You're the GIL of your own agent fleet

Spawning AI agents costs a keystroke. Reviewing what they ship costs everything you've got. Addy Osmani argues you're a single-threaded resource bolted into a concurrent system, and grinding harder won't fix it. Architecture will.
X Post
Article
7 min read

Key Findings

  • The orchestration tax is structural, not a discipline failure: your cognitive bandwidth is single-threaded, and every agent's output must route through that one serial processor before it can ship.
  • Amdahl's Law applies directly to agentic workflows. Adding agents doesn't raise throughput when human judgment is the bottleneck; it only deepens the queue feeding into it.
  • The right agent count is set by how many you can actually code-review properly, not by what the tool allows. For most developers that's a low single digit.
  • Cognitive surrender is the hidden cost of an overloaded review step: you accept agent output not because it's correct but because forming your own judgment costs attention you no longer have.
  • Sorting tasks before delegation is the highest-leverage move: isolated, async-safe work can run in parallel with little lock contention, while judgment-heavy work should run serially or not at all.

Twenty agents on the dashboard feels like leverage. Everything moves, nothing sits idle, you're never bored. But your attention doesn't parallelize. Every agent's output still routes through one serial processor before it can ship: you. The gap between what your agents produce and what you can actually review, understand, and merge is the orchestration tax. The only way to shrink it is to architect your own attention the way you'd architect any concurrent system.

I was on a panel at Google I/O with Richard Seroter, Aja Hammerly, and Ciera Jaspan, talking about where software engineering is right now and where it's going. Near the end, Richard asked each of us for one thing developers should walk away and do differently. I said the thing I'd been circling for months. Feeling busy is not being productive. You can run 20 agents and feel completely slammed, and that is still not 20 agents' worth of shipped work.

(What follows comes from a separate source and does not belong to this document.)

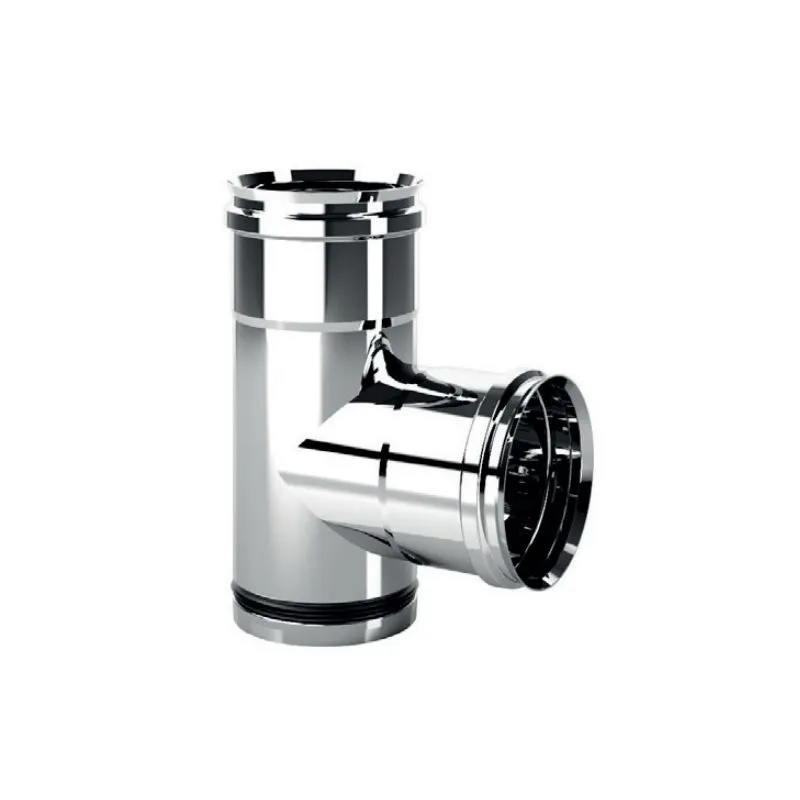 Raccordo a T 90° ribassato MT9C Mono Inox Aisi316 Canna fumaria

Richard named the pattern in that same conversation. "You talked about the orchestration tax," he said. "You can't manage twenty agents successfully in your own brain." He's right, and I want to take it apart properly. This isn't a discipline problem. It's an architecture problem.

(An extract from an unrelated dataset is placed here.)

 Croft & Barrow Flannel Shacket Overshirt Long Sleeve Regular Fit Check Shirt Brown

One line from the panel keeps coming back to me, something I said almost by accident: running multiple agents does not mean there is more of you.

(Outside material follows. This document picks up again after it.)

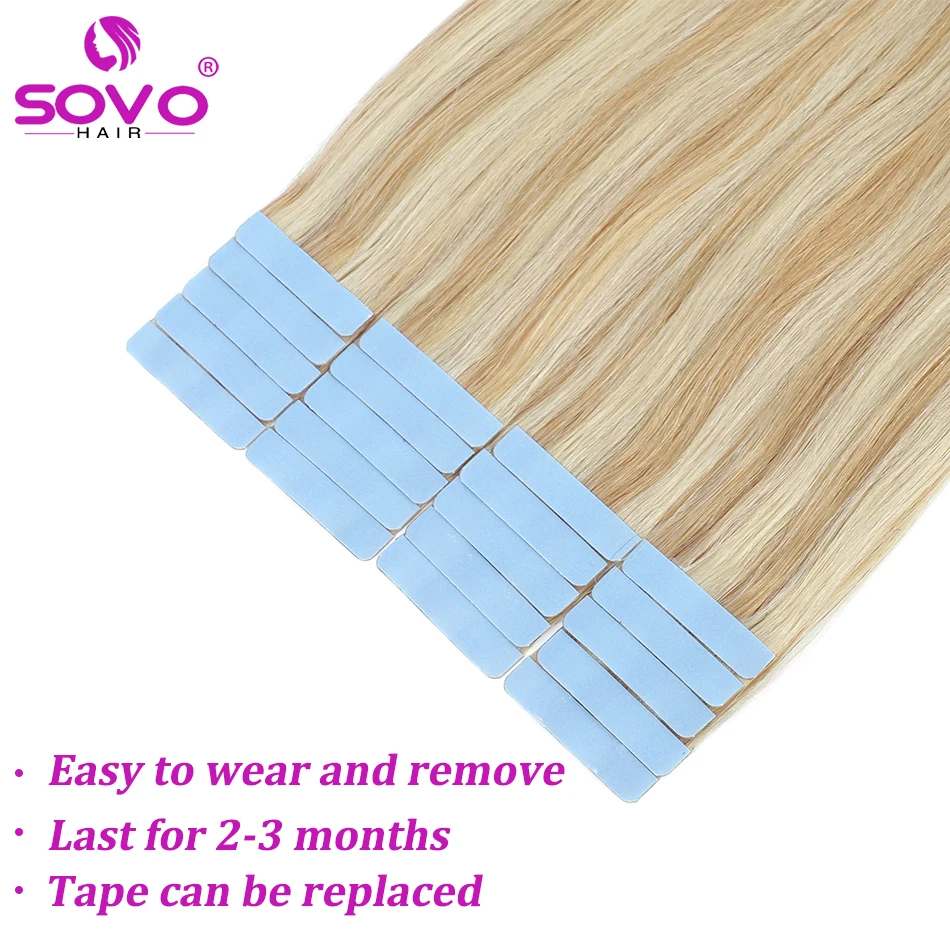 10/20/40 Pcs Tape In Hair Extensions 100% Human Hair Real Natural Hair European Straight Blonde Skin Weft Hair Extension 12-16"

Starting an agent is cheap, closing the loop isn't

Agentic workflows hide an asymmetry. Starting an agent costs a keystroke and a sentence. Closing the loop on one costs real work: someone has to check whether the output is correct and reconcile it with whatever the other agents touched. That someone is you. There is exactly one of you.

I wrote about a slice of this in an earlier post, "Your parallel agent limit," which was mostly about the ambient dread of not knowing which thread is quietly failing. This is about the shape underneath that dread. Once you see agent development as a concurrent system, the human stops being the orchestrator and becomes a component inside it.

The slow, serial component.

You're the GIL

If you've written concurrent code, you already have the right intuition. You've just been aiming it at the wrong part of the system.

Python has the Global Interpreter Lock. Spawn as many threads as you like, but only one executes bytecode at a time, because they all have to acquire the lock. You are the GIL of your AI agents. They can all run at once. The moment any of their work needs genuine architectural judgment or conflict resolution, that work has to acquire the lock. There's one lock. You're holding it.

Amdahl's Law makes the limit exact. The speedup from parallelizing is capped by the fraction of work that stays serial. If a big chunk of your pipeline can't be split, you hit a hard ceiling no matter how many cores you throw at it. In agent development, the serial fraction is judgment. Spawning eight agents does nothing for your judgment time. It just deepens the queue feeding into it.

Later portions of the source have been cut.